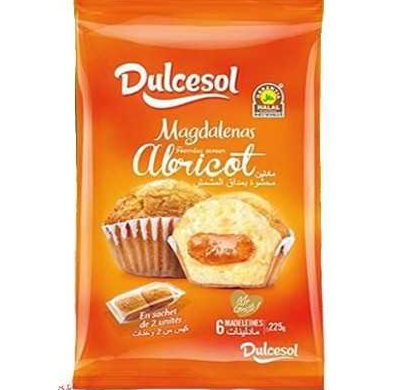 Dulcesol Madeleine Fourré Crème D'abricot 225 G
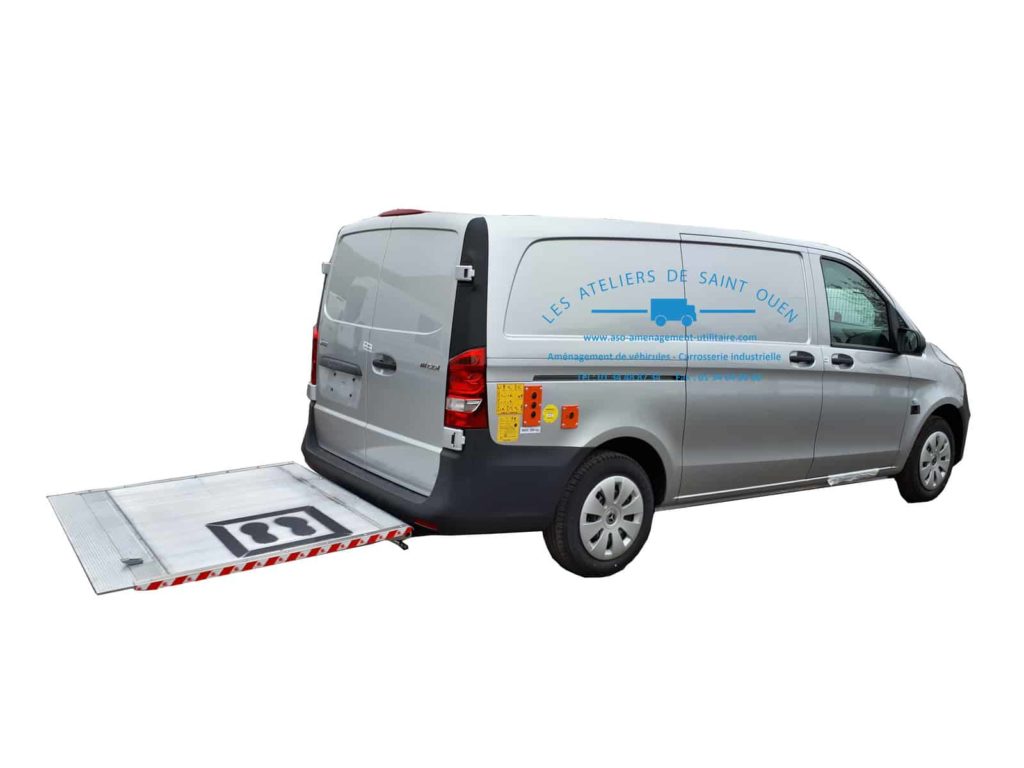 fourniture et pose dans votre utilitaire pour mercedes vito hayon élévateur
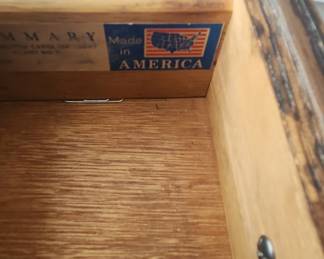 Vintage Oak Nightstand with Brass Hardware by Hammary Furniture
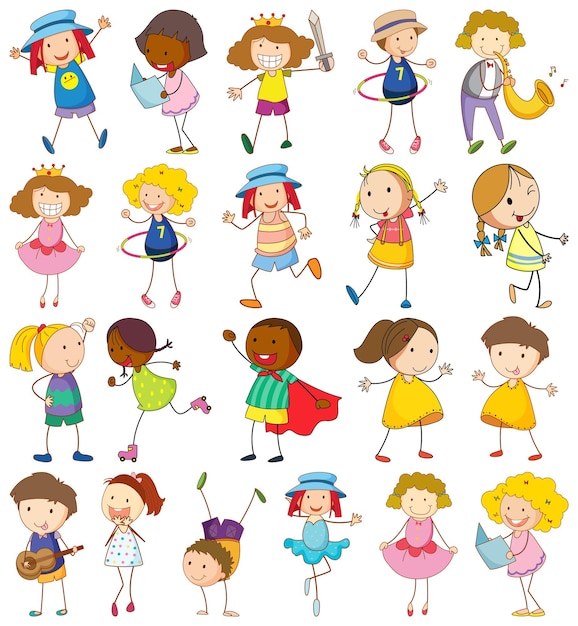 Ensemble D'enfants Différents Dans Un Style Doodle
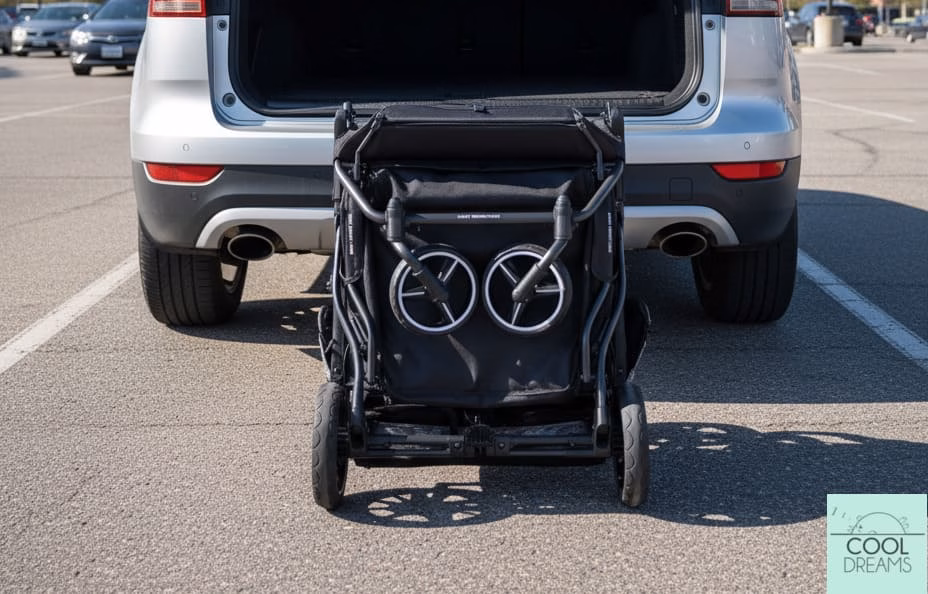 carrito gemelar plegado al lado de un coche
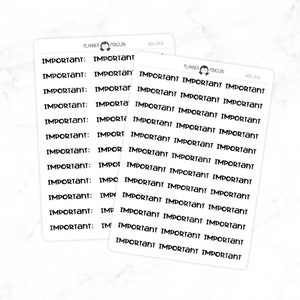 Importante - Adesivi con script grossi / Adesivi tipografici / Adesivi opachi rimovibili / Pianificatore funzionale // #DS-09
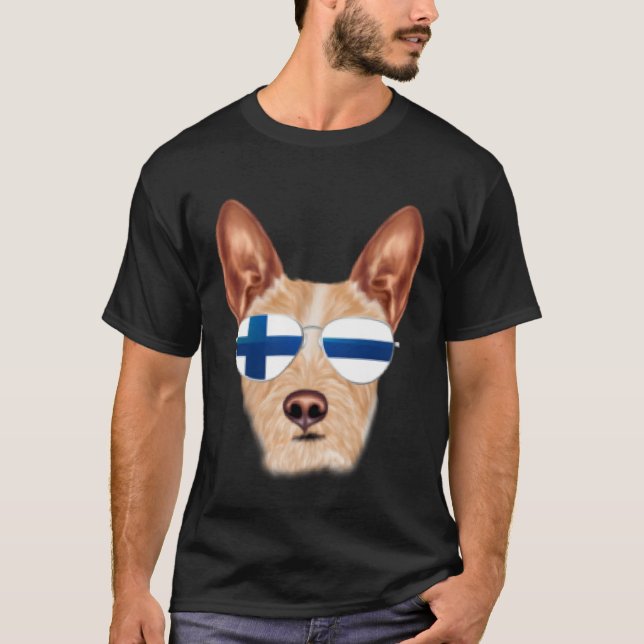 Finnish Flag Portuguese Podengo Pequeno Dog Finlan T-Shirt (Front)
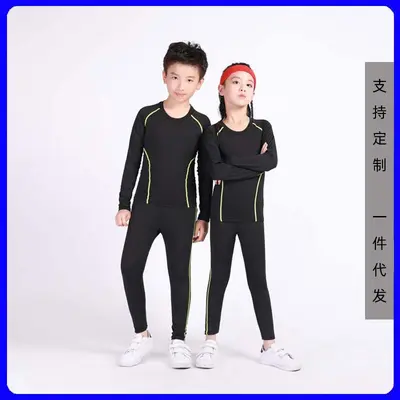 Kids Compression Shirt Training Suit Boys Fitness Wear Long Sleeve Basketball Sports Base Layer Quick-Dry Clothing Football Set Spring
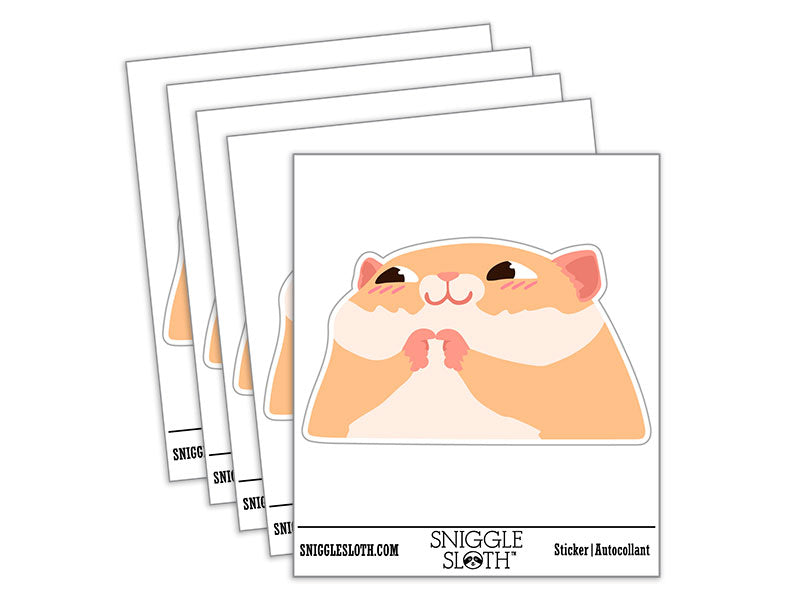 Shy Nervous Peeking Hamster Waterproof Vinyl Phone Tablet Laptop Water Bottle Car Window Bumper Decal Sticker Set - 5 Pack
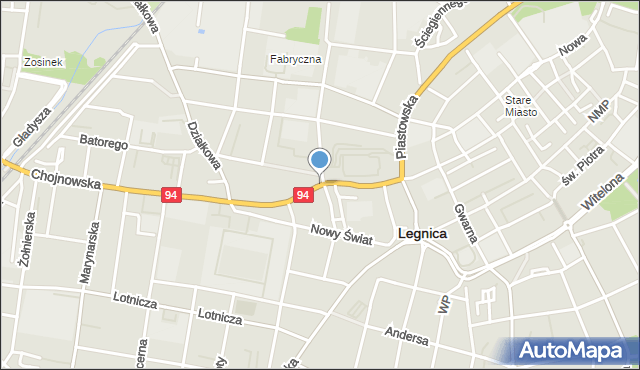 Legnica, Plac Franciszkański, mapa Legnicy
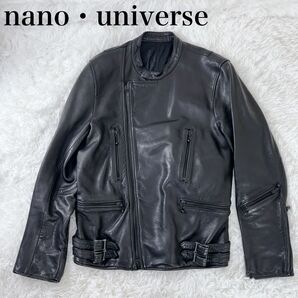 ナノユニバース シングル ライダース ラム レザー M 羊革 黒 レザージャケット NANO UNIVERSE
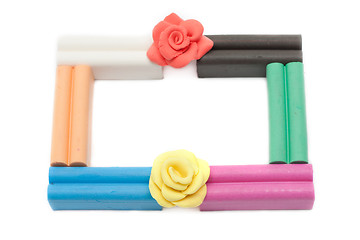 Image showing Plasticine, flowerses and square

###

*What is needed*
With the pictures omitted, the entries are to be transcribed in full, exactly as they appear.

*Expected output*
 Dulcesol Madeleine Fourré Crème D'abricot 225 G
 fourniture et pose dans votre utilitaire pour mercedes vito hayon élévateur
 Vintage Oak Nightstand with Brass Hardware by Hammary Furniture
 Ensemble D'enfants Différents Dans Un Style Doodle
 carrito gemelar plegado al lado de un coche
 Importante - Adesivi con script grossi / Adesivi tipografici / Adesivi opachi rimovibili / Pianificatore funzionale // #DS-09
 Finnish Flag Portuguese Podengo Pequeno Dog Finlan T-Shirt (Front)
 Kids Compression Shirt Training Suit Boys Fitness Wear Long Sleeve Basketball Sports Base Layer Quick-Dry Clothing Football Set Spring
 Shy Nervous Peeking Hamster Waterproof Vinyl Phone Tablet Laptop Water Bottle Car Window Bumper Decal Sticker Set - 5 Pack
 Legnica, Plac Franciszkański, mapa Legnicy
 ナノユニバース シングル ライダース ラム レザー M 羊革 黒 レザージャケット NANO UNIVERSE
 Image showing Plasticine, flowerses and square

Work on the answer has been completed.